Description
Given a two-dimensional array of positive and negative integers, a sub-rectangle is any contiguous sub-array of size 1 x 1 or greater located within the whole array. The sum of a rectangle is the sum of all the elements in that rectangle. In this problem the sub-rectangle with the largest sum is referred to as the maximal sub-rectangle. 


As an example, the maximal sub-rectangle of the array: 


0 -2 -7 0 
9 2 -6 2 
-4 1 -4 1 
-1 8 0 -2 


is in the lower left corner: 


9 2 
-4 1 
-1 8 


and has a sum of 15. 
Input
The input consists of an N x N array of integers. The input begins with a single positive integer N on a line by itself, indicating the size of the square two-dimensional array. This is followed by N 2 integers separated by whitespace (spaces and newlines). These are the N 2 integers of the array, presented in row-major order. That is, all numbers in the first row, left to right, then all numbers in the second row, left to right, etc.

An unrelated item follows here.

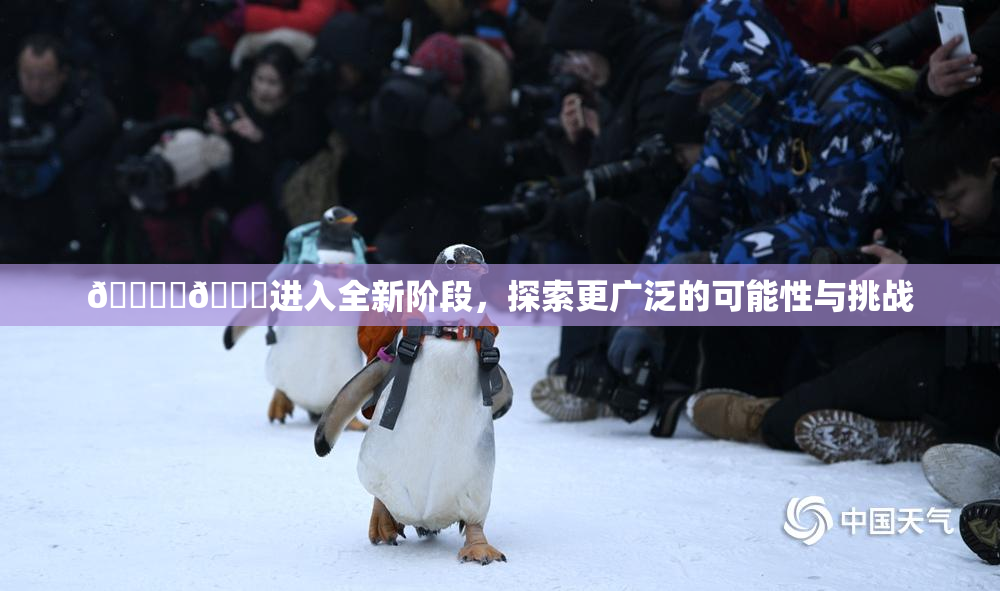 🔞‌🍌进入全新阶段，探索更广泛的可能性与挑战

N may be as large as 100. The numbers in the array will be in the range [-127,127]. 
Output
Output the sum of the maximal sub-rectangle. 
Sample Input
4
0 -2 -7 0 9 2 -6 2
-4 1 -4 1 -1
8 0 -2
Sample Output

15

//DP問題
//與最大子列和類似，可以看做是一維最大子串和的二維擴充套件
#include <stdio.h>
#include <stdlib.h>
int main()
{
    int dp[101][101];//dp[i][j]指的是第i行前j個元素的和
    int n;
    while(scanf("%d",&n)!=EOF){
        for(int i=1;i<=n;i++)
          for(int j=1;j<=n;j++){
             int t;
             scanf("%d",&t);
             dp[i][j]=dp[i][j-1]+t;//此段程式碼簡化了限定列範圍以後求當前行 列範圍內 元素和的複雜度，化O(N)為O(1)
          }
        int max=0;
        for(int i=1;i<=n;i++){//i,j限定列的左右範圍
            for(int j=i;j<=n;j++){
                int sum=0;
                for(int t=1;t<=n;t++){//遍歷行，此處的思想等同於一維了
                    sum+=dp[t][j]-dp[t][i-1];//限定列範圍以後，當前行  列範圍內 元素和
                    if(sum<0)
                        sum=0;
                    else if(sum>max)
                        max=sum;
                }
            }
        }
        printf("%d\n",max);
    }
    return 0;
}